As a moderate man in a party with strong ideological instincts, he could compromise more with his rivals than anyone else in his party. This was why Advani saw him as the man to lead the party to power as head of a coalition despite his own larger contributions to building the BJP’s power in the 1980s.
In part, Vajpayee’s moderate image was an extension of the easy way he carried himself. Unlike the stern personalities of Advani and even Modi today, Vajpayee always came across as intensely human, with his endearing faults and weaknesses (a little tipple here, a nibble at forbidden fried stuff there), and an even more endearing sense of self-deprecation. His political adversaries were never his enemies, just people with different viewpoints. He was incapable of vendetta politics. He was not the kind to drive even his opponents to the wall. He could thus allow a Sonia Gandhi and the Congress party to escape the clutches of the Bofors scandal, for he could let bygones be bygones.
In 1999, he took the bus to Lahore in the hope of bringing peace between India and Pakistan, but this was followed by the Kargil War and the Indian Airlines aircraft hijack. Even so, he agreed to hold a summit with Pervez Musharraf in Agra in 2001, and almost agreed to many giveaways in order to buy peace. Luckily, Advani put his foot down, and the summit did not end with one-sided benevolence. In fact, by the end of the year, the Indian Parliament itself was attacked, forcing Vajpayee to abandon his soft approach to Pakistan. Modi has followed the Vajpayee line by holding out an olive branch, and then getting it slapped away, courtesy the Pakistani Army.

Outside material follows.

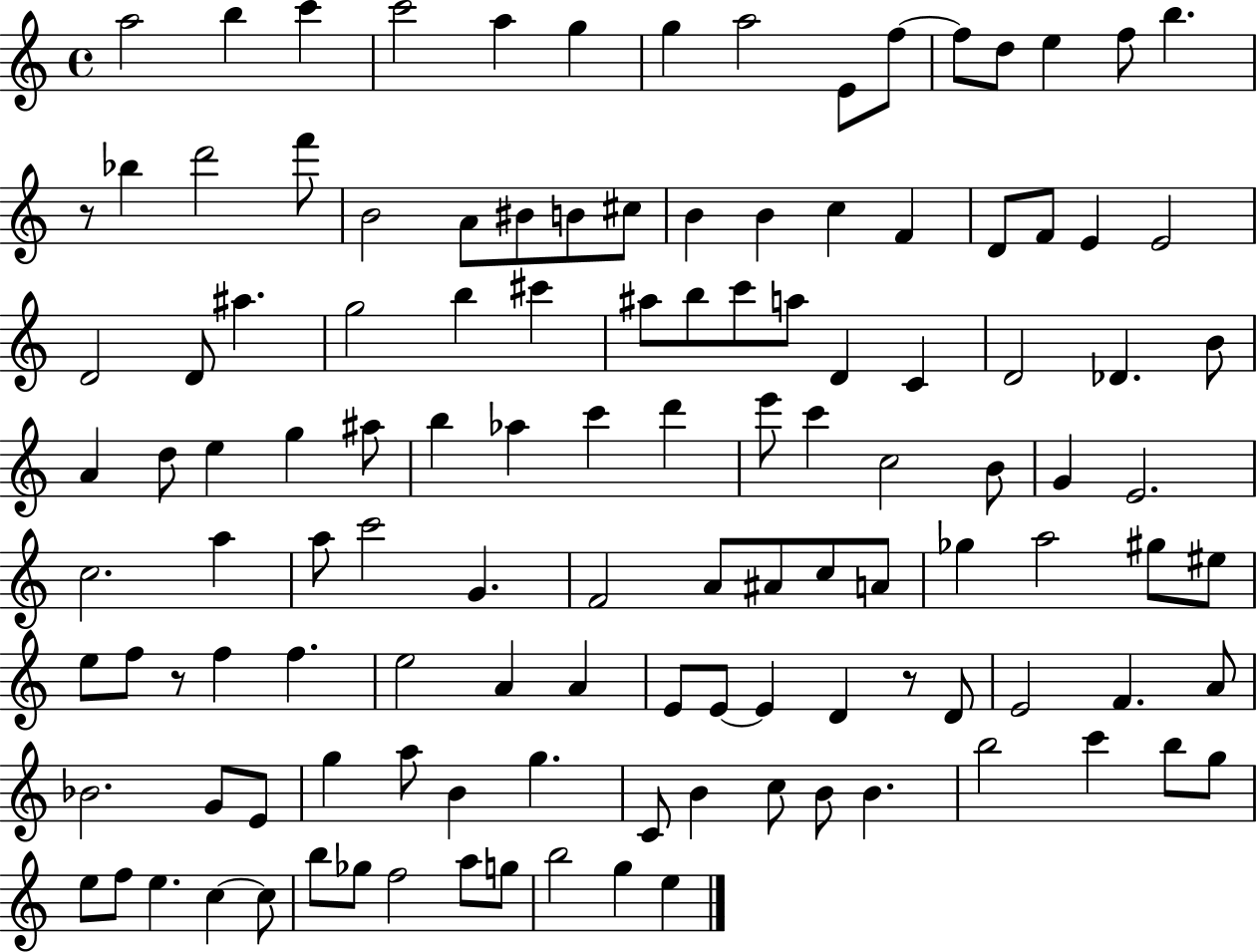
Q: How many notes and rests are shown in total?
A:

In the Kargil War, even though India had the moral right to take the war into Pakistani territory, Vajpayee ordered his armed forces not to cross the line of control. In the Kandahar airline hijack, he allowed the release of dreaded terrorists in order to obtain the safe return of Indian citizens from Afghanistan. One must admit that the Indian crisis management group botched the hijack by allowing the plane to fly out of India to hostile Afghanistan, then ruled by the Taliban, but that is another story.

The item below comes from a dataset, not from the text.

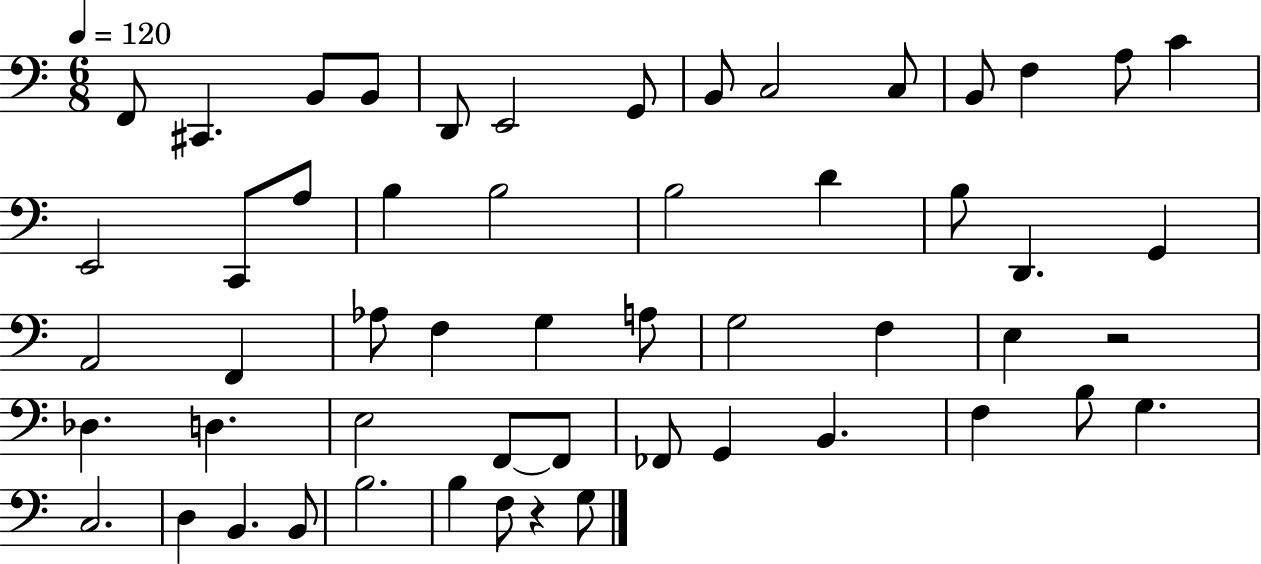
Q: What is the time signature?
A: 6/8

In many ways, one should say, Vajpayee let his emotions rule hard logic. But one can’t hold him alone guilty of this weakness. It has been part and parcel of India’s DNA from Nehru down to Modi.
If one were to step back and look at Vajpayee over his more than seven-decades-long political career, first as the boldest voice against Nehruvian sentimentalism in strategic affairs in the initial years after Independence, and then as the new Nehru in the BJP camp, one can come to this conclusion: he was a nationalist, but not an extreme one. His stance was about a rooted Bharatiyata, a middle ground between deracinated and empty secularism and aggressive Hindutva. He was a formidable politician, but not one with a killer instinct. He could stoop to conquer.

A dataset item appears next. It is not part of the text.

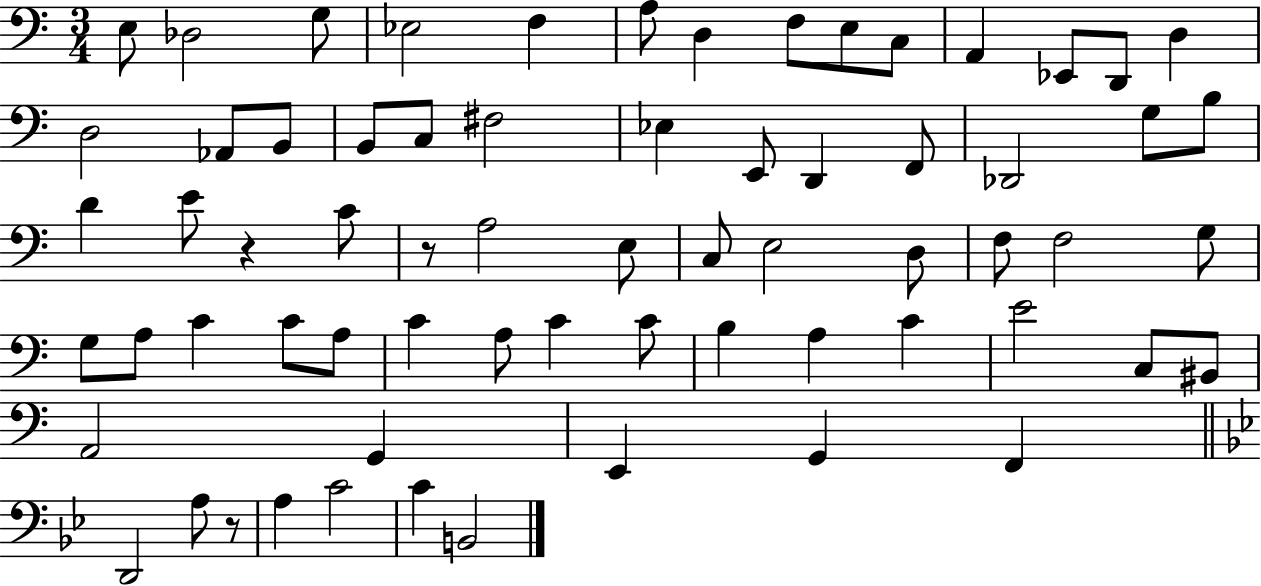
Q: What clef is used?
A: bass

However, one has to pay a tribute to his lifelong political companion too. Without the grassroots work of Advani to build the party, it would be difficult to imagine a Vajpayee soaring above the rest. The contrast between a hard ideologue and a soft moderate made it easier for Vajpayee to be more acceptable across the political aisles. It was the existence of an Advani by his side that made Vajpayee the man to choose.
We should not forget this when lauding Vajpayee as the man at the heart of India’s civilisational and economic resurgence in the 21st century.